Developmental disorders (DD) are characterised by diverse phenotypes and complex etiology, with 10-20% of cases linked to Copy number variations (CNVs). However, the precise identification of genes within CNV regions (CNVRs) responsible for these disorders presents a significant challenge, as CNVRs often encompass multiple genes. Integrating machine learning into biomarker workflows shows promise for gene discovery in diseases, nonetheless, existing models often suffer from the lack of interpretability, compounded by limitations in the integration of diverse data modalities.
In this study, we introduce a novel multi-modal deep neural network that combines CNVR curation, tissue-specific genes, biological pathways, and gene ontology, resulting in improved interpretability for identifying genetic biomarkers in developmental disorders. We employ sparse networks enriched with biological pathways from Reactome and KEGG, curated tissue-specific genes from FANTOM5 or GTEX, and gene ontology terms. Notably, we use attention mechanisms to integrate tissue-specific expression data into our gene-centric layer, enhancing both accuracy and interpretability. GenoNet has been trained and tested on a dataset comprising of CNV from 24,105 DD patients and 26,150 normal controls sourced from SFARI and MSSNG consortia.

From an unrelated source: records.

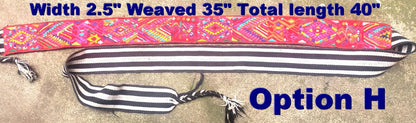 Vintage Guatemalan fajas -handmade embroidered belts-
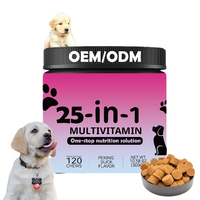 Friandises à mâcher molles pour chiens à marque privée, pour la croissance musculaire, riches en protéines, mélange pour la santé intestinale à six souches, absorption rapide, compléments alimentaires
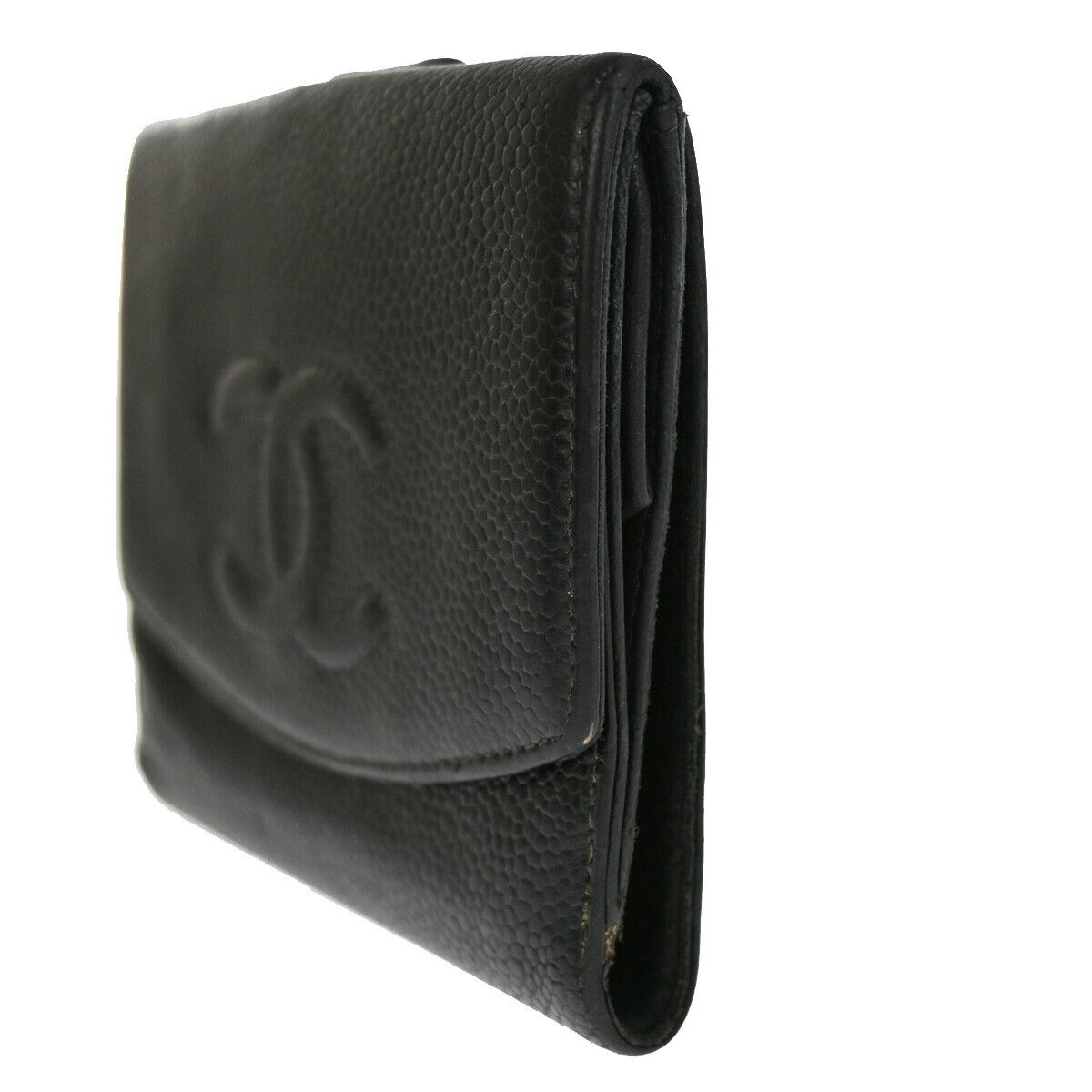 CHANEL Logo CC Wallet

GenoNet demonstrated superior biomarker discovery performance compared to other approaches, achieving an average test F1-score of 79%, an accuracy of 80%, a precision of 78%, a recall of 81%, and an area under curve (AUC) of 87%. Validation of GenoNet against a permutated control dataset, with randomised sample labels, demonstrated a performance enhancement of nearly 1.5X across key metrics, including accuracy and F1-score. Moreover, the biological interpretability within GenoNet revealed established and novel molecularly altered candidates, such as SHANK3.
In summary, we present GenoNet, an interpretable neural network model informed by pathways, gene ontology, and tissue-specific gene expression. GenoNet empowers preclinical exploration and clinical prognostication for developmental disorders, with potential relevance to a wide spectrum of neurocognitive disorders.